EXERCISE DIRECTIONS:
Under this line is some data; print exactly the lines from the one containing "Fireplace Surround and" through its last line, without pictures.

RAW DATA:

▼

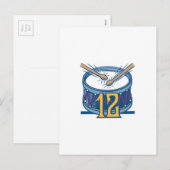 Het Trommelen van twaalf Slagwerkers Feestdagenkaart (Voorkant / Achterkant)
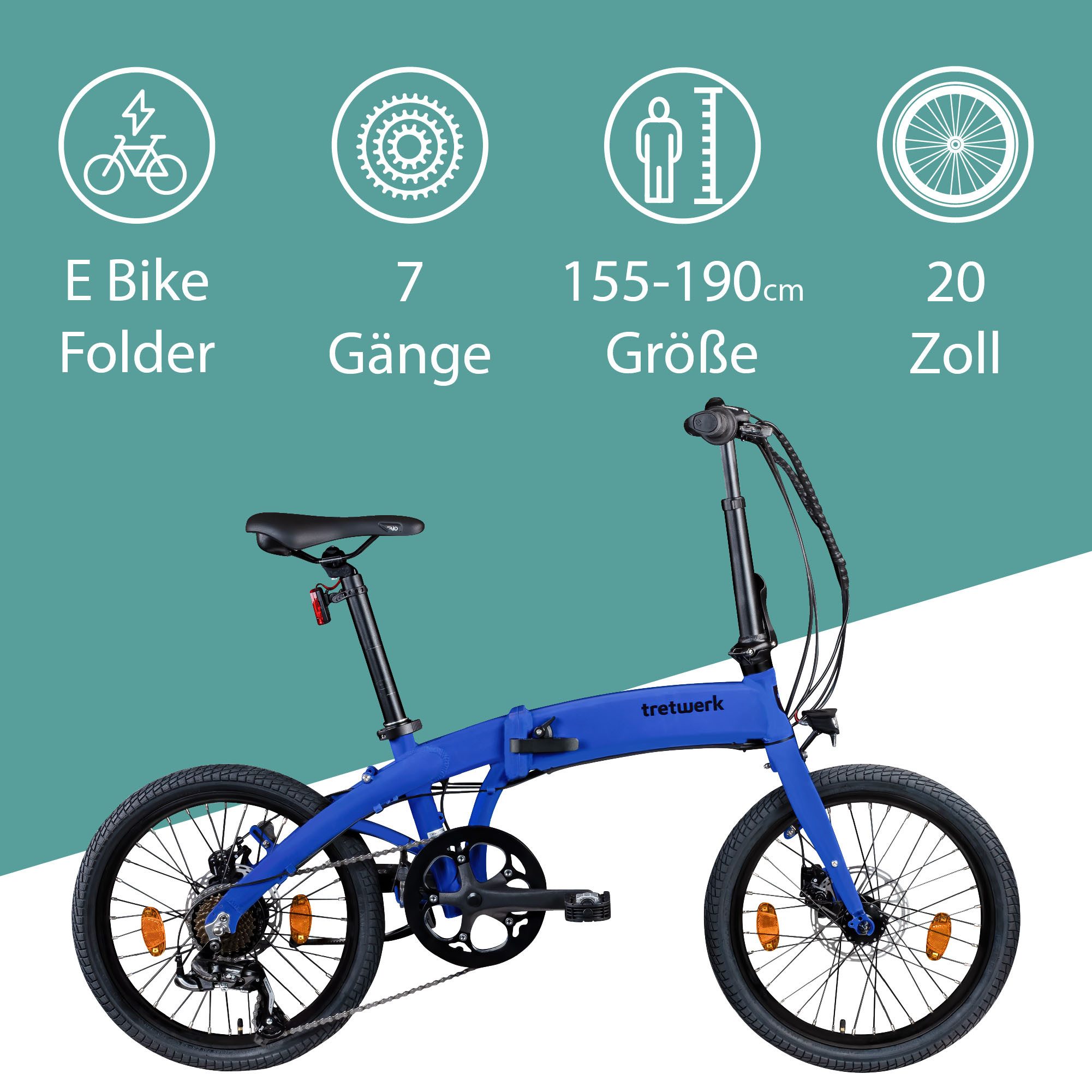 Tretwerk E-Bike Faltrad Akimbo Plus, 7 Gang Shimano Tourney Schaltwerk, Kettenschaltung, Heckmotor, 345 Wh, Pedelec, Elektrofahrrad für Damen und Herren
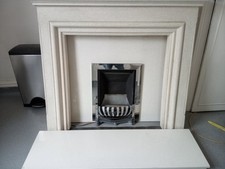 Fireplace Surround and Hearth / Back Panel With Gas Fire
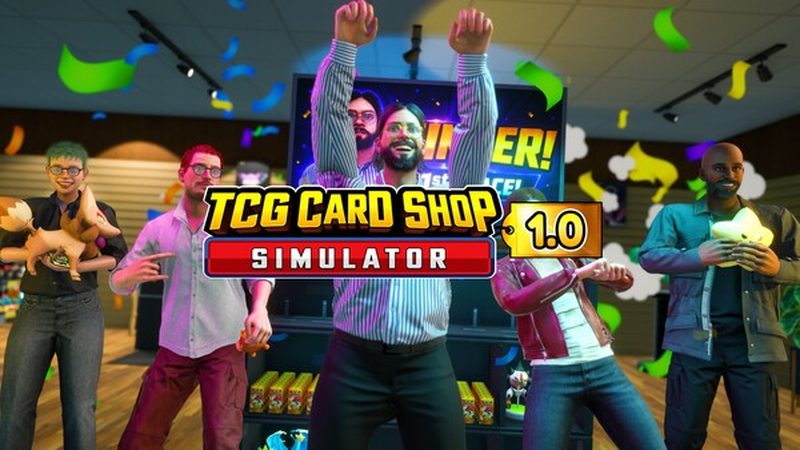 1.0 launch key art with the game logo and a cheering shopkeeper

▲

EXERCISE RESPONSE:
 Fireplace Surround and Hearth / Back Panel With Gas Fire
 1.0 launch key art with the game logo and a cheering shopkeeper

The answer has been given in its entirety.